[Stored items]
_ _ _ _ _

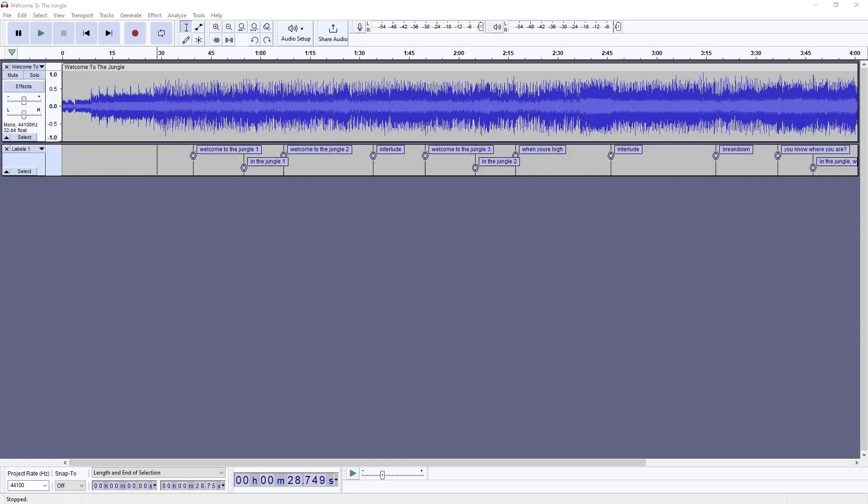Alright, in this video I figured I'd show you how I edit some of my music for my pyro musicals. The sample song we're using today is Welcome to the Jungle by Guns N' Roses. The application I'm using is Audacity, a free application for both Mac and PC.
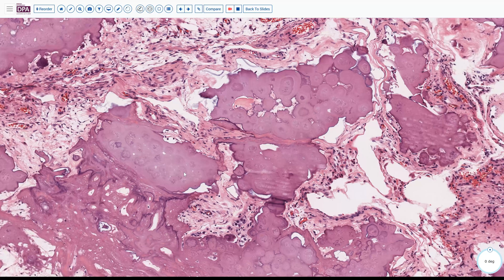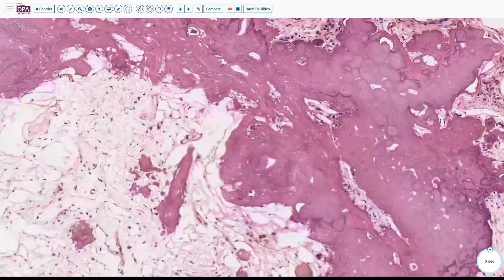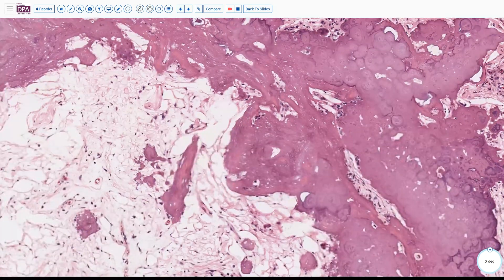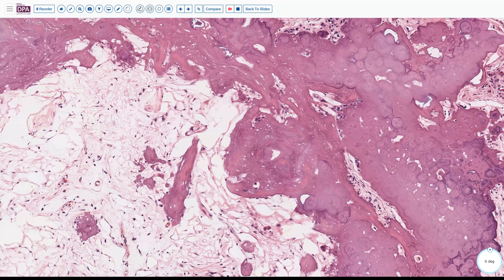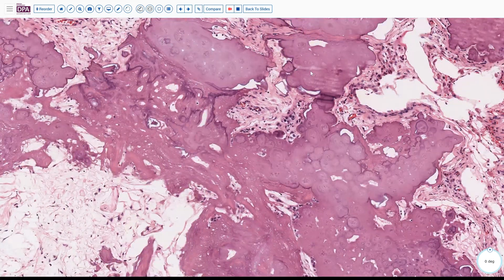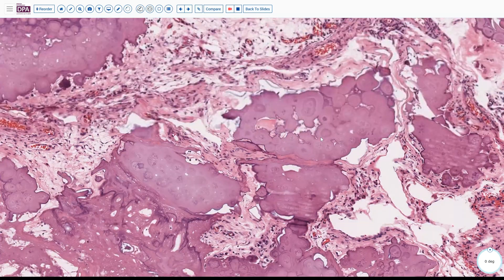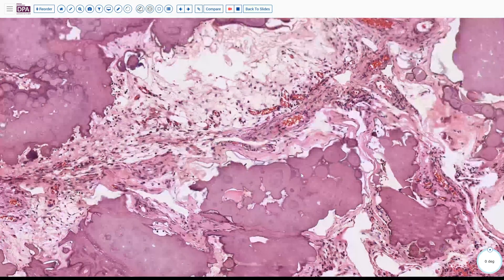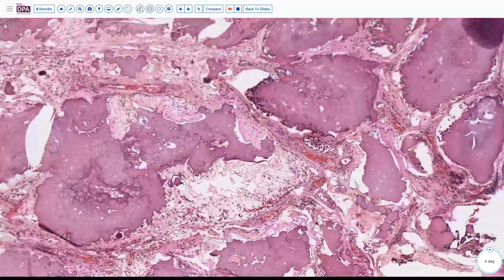Towards the periphery we see ossification occurring, with a loose fibrous marrow formation and perhaps a few osteocytes forming as the process continues. Pulling back out to the periphery of this lesion, we find an area where there is maybe a little bit of ongoing cellularity remaining.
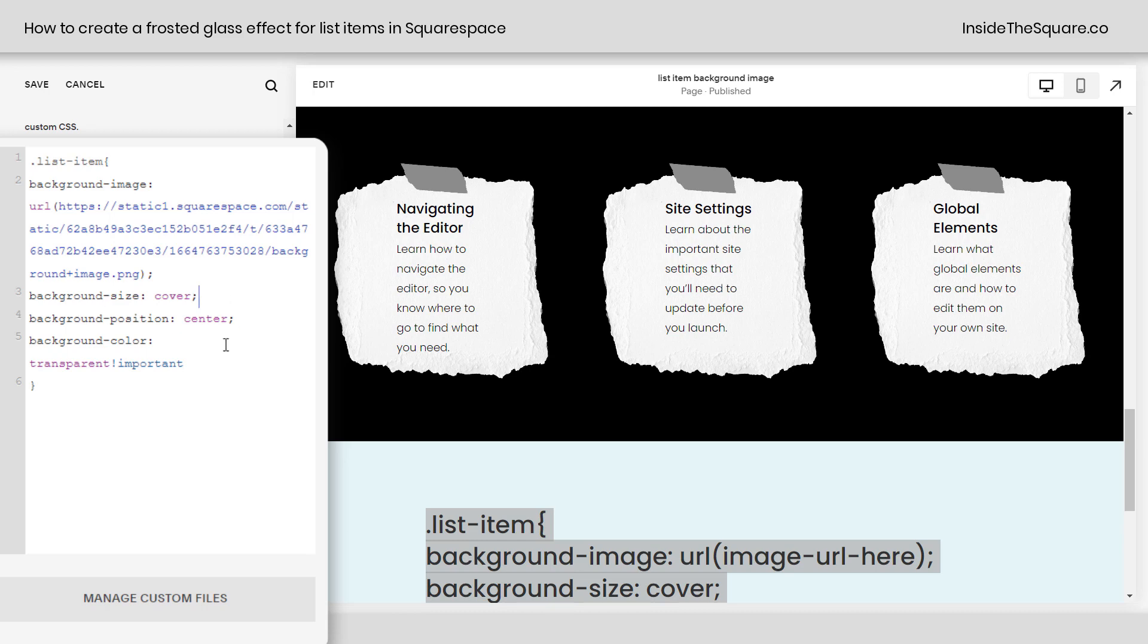So what we've changed about this code is that we added two more lines. We said background-position: center. I wanted to make sure it was aligned in the center of the item.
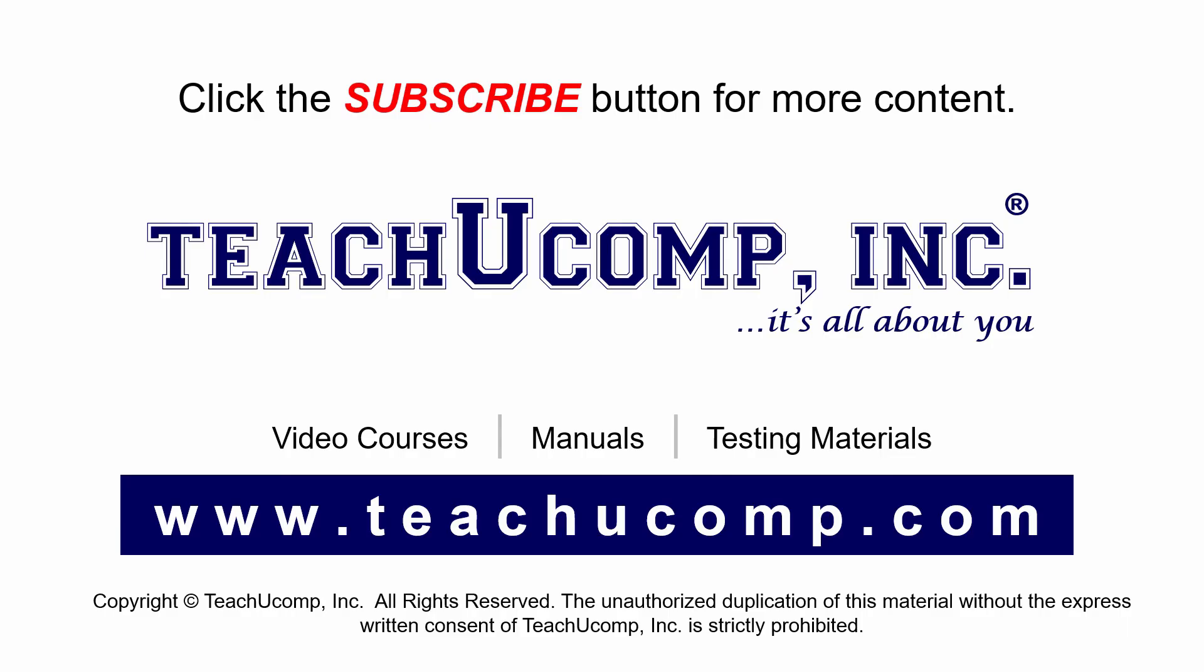Remember to click the subscribe button to see more of our videos. Get ad-free courses at teachucomp.com.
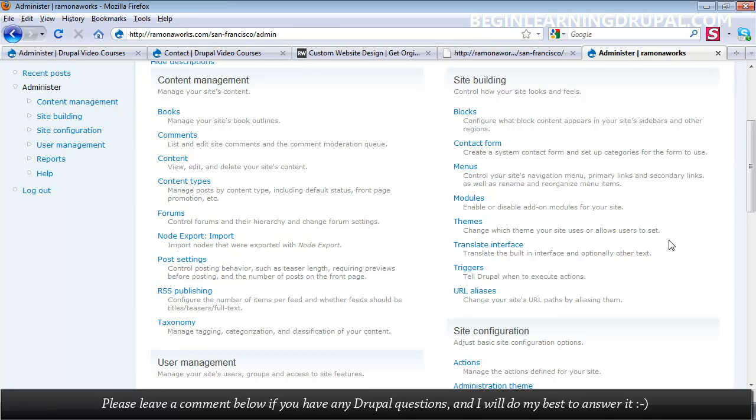I'm going to show you how you can create a theme from scratch, or start creating your own theme using a Photoshop file, slicing that design, and implementing that in Drupal.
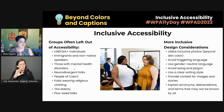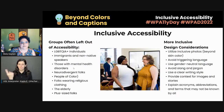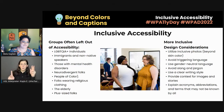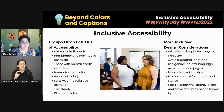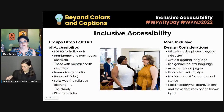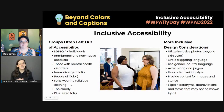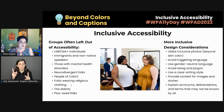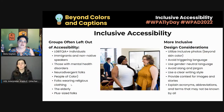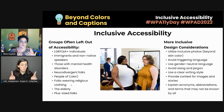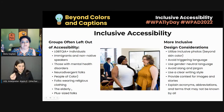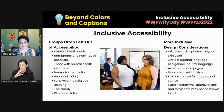We're talking about LGBTQIA+ individuals, immigrants and non-native speakers of whatever language your content is in, those with mental health disorders — who are often left out in accessibility — neurodivergent folks, people of color, folks that wear religious clothing such as Muslims, Sikhs, and Jews where you can visually identify their faith, and the elderly and plus-size folks. How many times do you go to a website and see photos of people who are plus-sized or elderly? Most of the time, websites show people in their twenties to thirties who are fit and considered attractive.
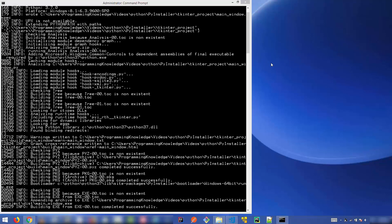That's it for this video. This is how you can create a standalone executable file using your Python script. I hope you enjoyed this video and I'll see you in the next one.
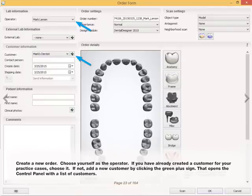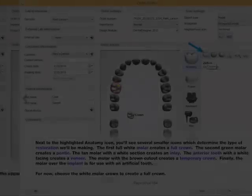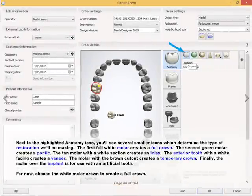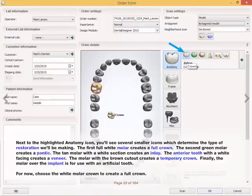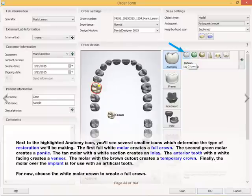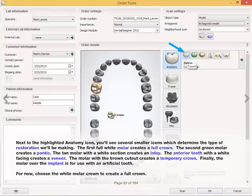That opens the control panel with a list of customers. Next to the highlighted anatomy icon, you'll see several smaller icons which determine the type of restoration we'll be making. The first full white molar creates a full crown. The second green molar creates a pontic. The tan molar with a white section creates an inlay. The anterior tooth with a white facing creates a veneer. The molar with the brown cutout creates a temporary crown. Finally, the molar over the implant is for use with an artificial tooth.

_ _ _ _ _

§ **Your task**
Using the entries above, extract exactly the lines from the one that contains "So what we've" through the one that contains "I'm going to". Do not carry over any pictures.

§ **Exercise output**
So what we've changed about this code is that we added two more lines. We said background-position: center. I wanted to make sure it was aligned in the center of the item.
Remember to click the subscribe button to see more of our videos. Get ad-free courses at teachucomp.com.
I'm going to show you how you can create a theme from scratch, or start creating your own theme using a Photoshop file, slicing that design, and implementing that in Drupal.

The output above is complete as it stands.